▶ _Instructions to follow_: Starting at the line holding "F-22 EXHAUST MUFFLER" and finishing at the line holding "Carlson - Kid", transcribe the material exactly, keeping both ends but no pictures.

▶ _Material supplied_:
######
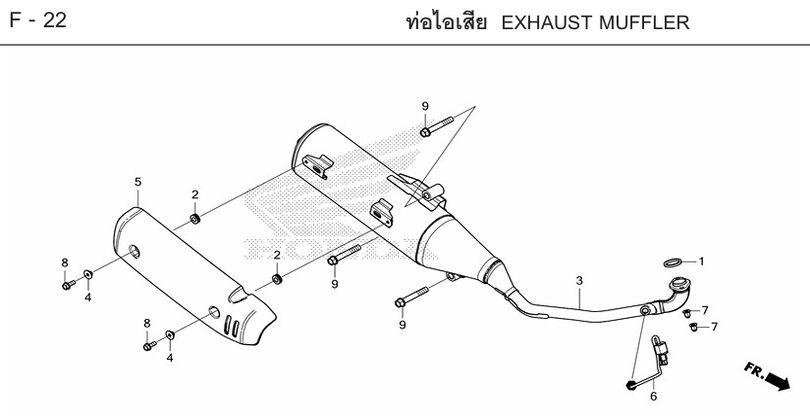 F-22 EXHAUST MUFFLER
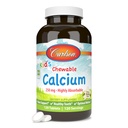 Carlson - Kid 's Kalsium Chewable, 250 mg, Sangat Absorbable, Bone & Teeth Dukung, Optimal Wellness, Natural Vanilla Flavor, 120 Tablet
######
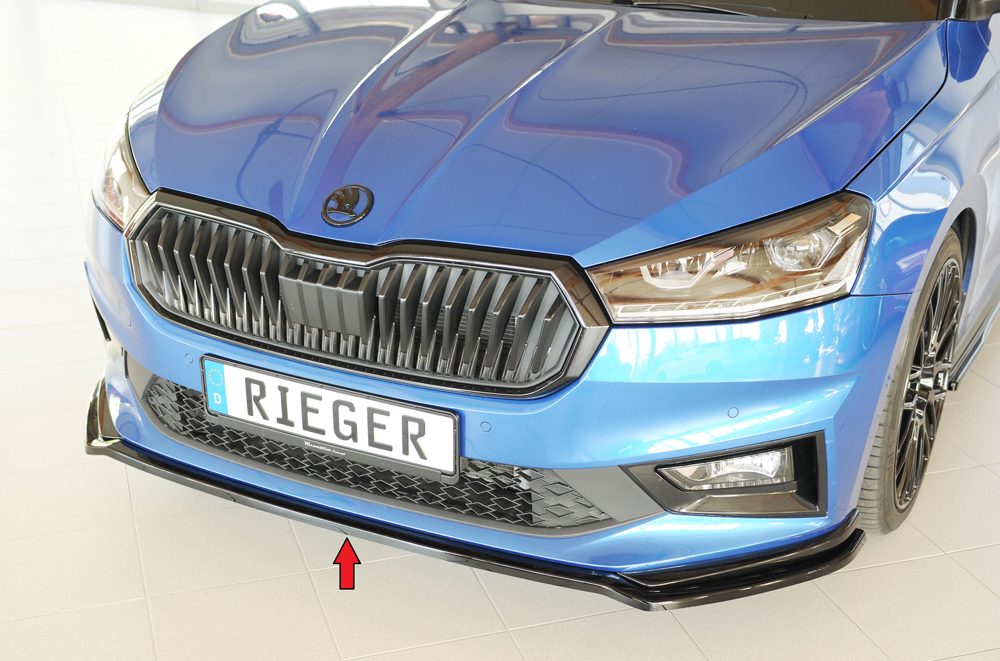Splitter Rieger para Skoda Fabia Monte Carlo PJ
######
▶ _Exercise result_:
 F-22 EXHAUST MUFFLER
 Carlson - Kid 's Kalsium Chewable, 250 mg, Sangat Absorbable, Bone & Teeth Dukung, Optimal Wellness, Natural Vanilla Flavor, 120 Tablet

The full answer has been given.